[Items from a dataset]
★ ★ ★
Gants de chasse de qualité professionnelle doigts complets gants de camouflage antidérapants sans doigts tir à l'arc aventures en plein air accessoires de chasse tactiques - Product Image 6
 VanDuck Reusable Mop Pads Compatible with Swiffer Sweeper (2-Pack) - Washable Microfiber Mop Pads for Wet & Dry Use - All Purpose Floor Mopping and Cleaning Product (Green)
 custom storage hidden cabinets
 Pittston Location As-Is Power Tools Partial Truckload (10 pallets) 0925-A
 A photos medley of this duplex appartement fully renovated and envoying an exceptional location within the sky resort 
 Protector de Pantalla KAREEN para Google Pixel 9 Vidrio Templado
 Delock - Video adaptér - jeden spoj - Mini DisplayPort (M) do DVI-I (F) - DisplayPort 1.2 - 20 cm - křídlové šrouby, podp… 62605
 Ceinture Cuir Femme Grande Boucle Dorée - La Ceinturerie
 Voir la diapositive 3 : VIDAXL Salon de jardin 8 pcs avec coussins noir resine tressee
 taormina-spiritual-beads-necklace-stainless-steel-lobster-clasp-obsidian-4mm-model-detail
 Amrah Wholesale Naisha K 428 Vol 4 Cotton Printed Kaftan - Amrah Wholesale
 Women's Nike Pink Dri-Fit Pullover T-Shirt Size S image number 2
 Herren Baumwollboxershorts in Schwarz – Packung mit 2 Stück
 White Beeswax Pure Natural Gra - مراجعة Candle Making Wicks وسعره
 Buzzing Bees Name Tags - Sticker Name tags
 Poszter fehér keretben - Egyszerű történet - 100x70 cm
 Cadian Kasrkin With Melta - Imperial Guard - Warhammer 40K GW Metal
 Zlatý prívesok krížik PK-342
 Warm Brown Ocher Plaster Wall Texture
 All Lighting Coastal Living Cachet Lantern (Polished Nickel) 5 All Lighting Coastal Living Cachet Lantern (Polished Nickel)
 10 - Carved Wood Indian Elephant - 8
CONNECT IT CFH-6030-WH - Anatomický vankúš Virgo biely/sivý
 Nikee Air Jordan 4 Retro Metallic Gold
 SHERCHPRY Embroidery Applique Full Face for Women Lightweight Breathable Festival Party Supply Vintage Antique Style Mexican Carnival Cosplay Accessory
★ ★ ★
DESCRIPTION OF THE TASK ::
Lines with the string "Women" in the data above: say how many there are, giving the number alone.

RESPONSE TO THIS EXERCISE ::
2